Cold exposure training phases
- Putting hands and/or face into cold water for 20-30 seconds
- Start with the hands and see how you feel
- Putting face into cold water activates the trigeminal nerve which, in turn, activates the vagus nerve
- Cold shower after warm shower
- Finish off your shower session with a cold shower (increase time day-by-day)
- Do contrast showers alternating warm and cold showers (30s / 30s)
- Cold shower (no warm shower beforehand)
- Start your day with a cold shower from time to time
- Do not overdo, especially if sleep-deprived and waking up stressed
- Coldwater immersion and winter swimming
- The best time to practice is naturally in the winter
- Increase time and frequency as you progress
- Use gloves, special shoes and a cap if the weather is very cold
Adaptogens (such as rhodiola rosea, schisandra, ginseng, cordyceps or ashwagandha) may increase the ability to tolerate the stress caused by the cold shock. In studies conducted by the United States army, tyrosine (found, for example, in spirulina, fish, turkey, and egg whites) was found to increase the ability to remain functional during cold exposure.
Combining an ice bath or cold shower with a sauna and fasting is the best way to boost the effectiveness of the heat alteration. Winter swimming with sauna has been shown to trigger hormetic adaptation as well as increase lysosomal enzymes. Exposure to mild cold and rewarming hence induces autophagy.
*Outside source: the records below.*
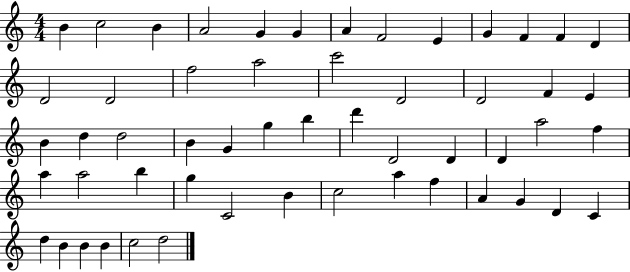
X:1
T:Untitled
M:4/4
L:1/4
K:C
B c2 B A2 G G A F2 E G F F D D2 D2 f2 a2 c'2 D2 D2 F E B d d2 B G g b d' D2 D D a2 f a a2 b g C2 B c2 a f A G D C d B B B c2 d2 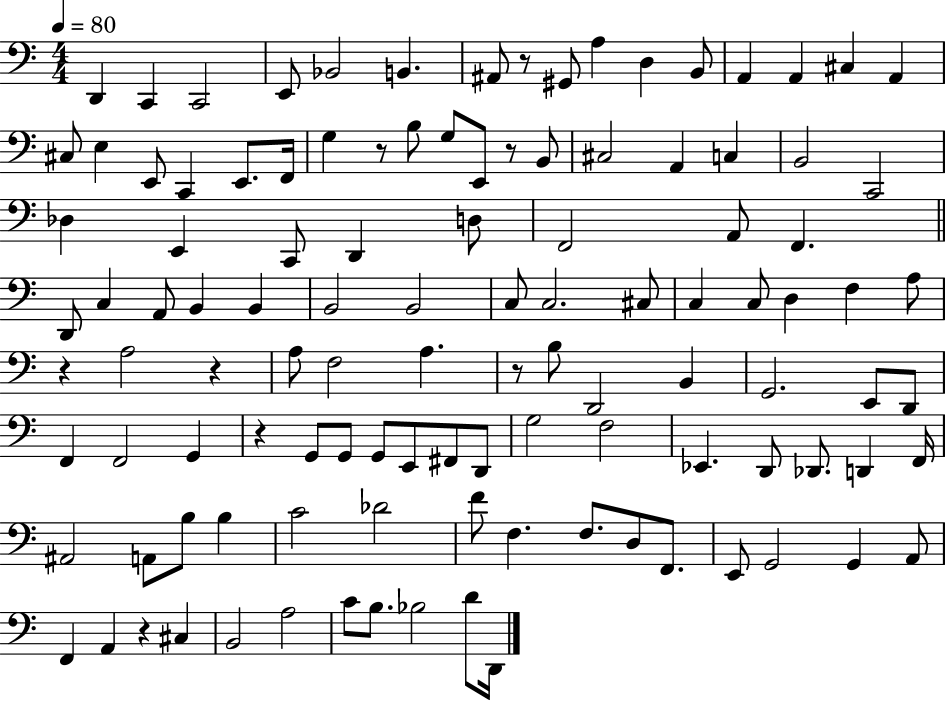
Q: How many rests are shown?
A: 8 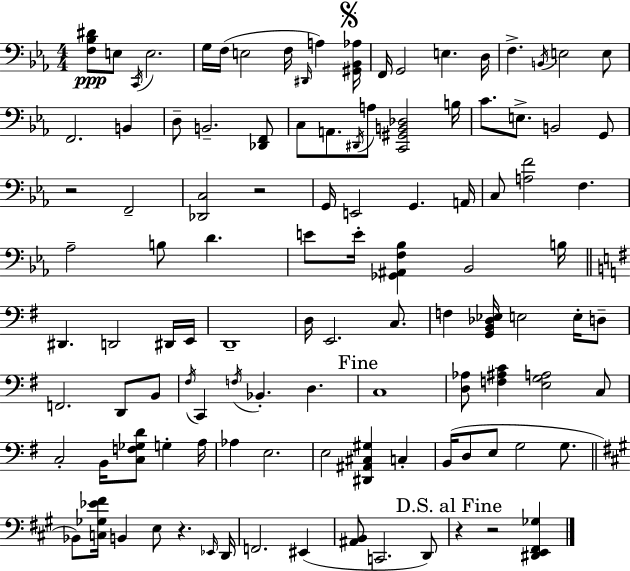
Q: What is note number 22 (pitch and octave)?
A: C3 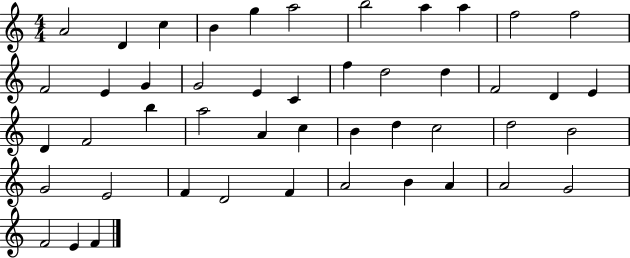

However, it is not recommended to overdo cold exposure. All hormetic stressors like fasting, heat, and cold are most effective as disease prevention, not treatment. You want to keep doing them while you’re already healthy as it’ll protect against illness. Chronic repeated exposure may not be optimal. Therefore it is suggested to have breaks from intensive cold exposure training.
Although the cold doesn’t appear to directly suppress immunity, it might do so when combined with high physical exertion or over-exposure. Intense exercise is known to transiently decrease immune functioning. If you deplete your body’s resources with cold exposure, you may just get sick more easily. Especially if you get exposed to the wind or a draft afterward.